The U.S. NOAA Multi-radar Multi-sensor (MRMS) radar network provides precipitation estimates at exceptionally fine spatial (~1 km) and temporal (~5-minute) resolution. Building on this national asset, HyDROS researchers helped develop the NMQ–FLASH–Landslide system, which couples high-resolution radar rainfall with distributed hydrologic modeling to produce real-time flash-flood and rainfall-triggered landslide guidance across the continental United States. Operating at radar-native resolution, the system delivers actionable hazard information to forecasters and emergency managers and represents a major step in translating radar observations into operational hazard intelligence.
The project website is at https://www.nssl.noaa.gov/projects/flash/.
Flooding—especially in urban environments—remains one of the most costly and deadly natural hazards worldwide. As climate change alters precipitation intensity and frequency, cities face growing challenges in anticipating and preparing for extreme flood events. In response, HyDROS researchers developed an integrated urban flood visualization framework that translates high-resolution hydrologic and hydraulic simulations into intuitive animations and spatial products.

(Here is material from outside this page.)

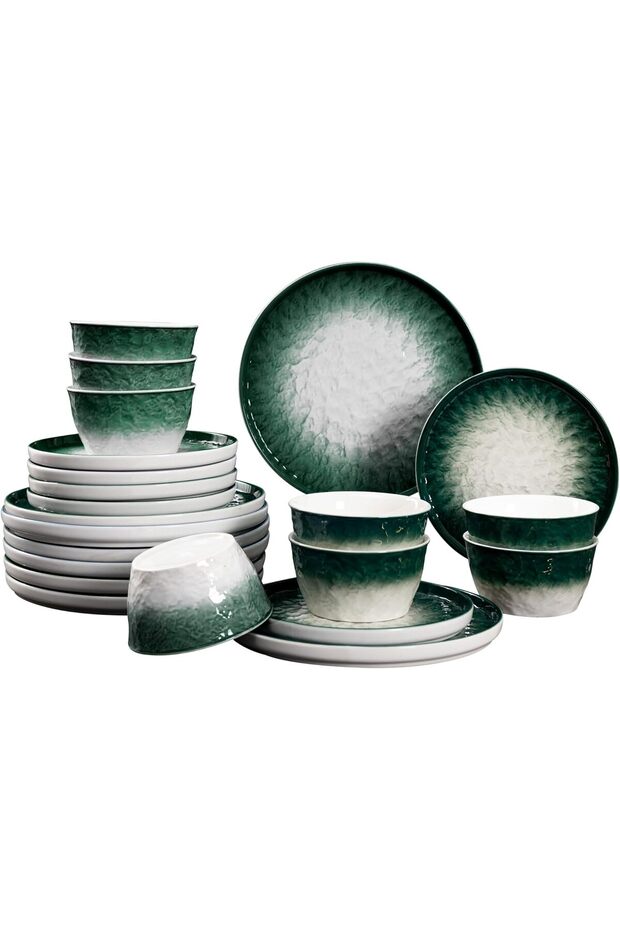 Set of 12 Ombre Green Ceramic Plates and Bowls - Microwave, Dishwasher, Oven Safe Tableware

These tools allow floodplain managers, planners, and emergency officials to see how future climate-driven flood scenarios may impact urban watersheds, infrastructure, and neighborhoods—supporting proactive risk communication, planning, and resilience design.

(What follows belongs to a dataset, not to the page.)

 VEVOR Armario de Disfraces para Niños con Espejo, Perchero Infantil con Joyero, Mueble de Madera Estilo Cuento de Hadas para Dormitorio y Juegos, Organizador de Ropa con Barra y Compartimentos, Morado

Accurate precipitation estimation in mountainous regions is particularly challenging due to radar beam blockage, overshooting of the melting layer, and sparse surface observations. This project addressed these limitations by integrating spaceborne precipitation radar measurements from TRMM/GPM with ground-based National Weather NEXRAD radar and rain gauge networks. By leveraging satellite radar’s vertical perspective and regional coverage, the approach improved characterization of vertical reflectivity structure and reduced systematic underestimation of precipitation in complex terrain. The resulting methodology significantly enhanced radar-based QPE in mountainous regions and contributed to both NASA ground-validation efforts and NOAA operational precipitation products.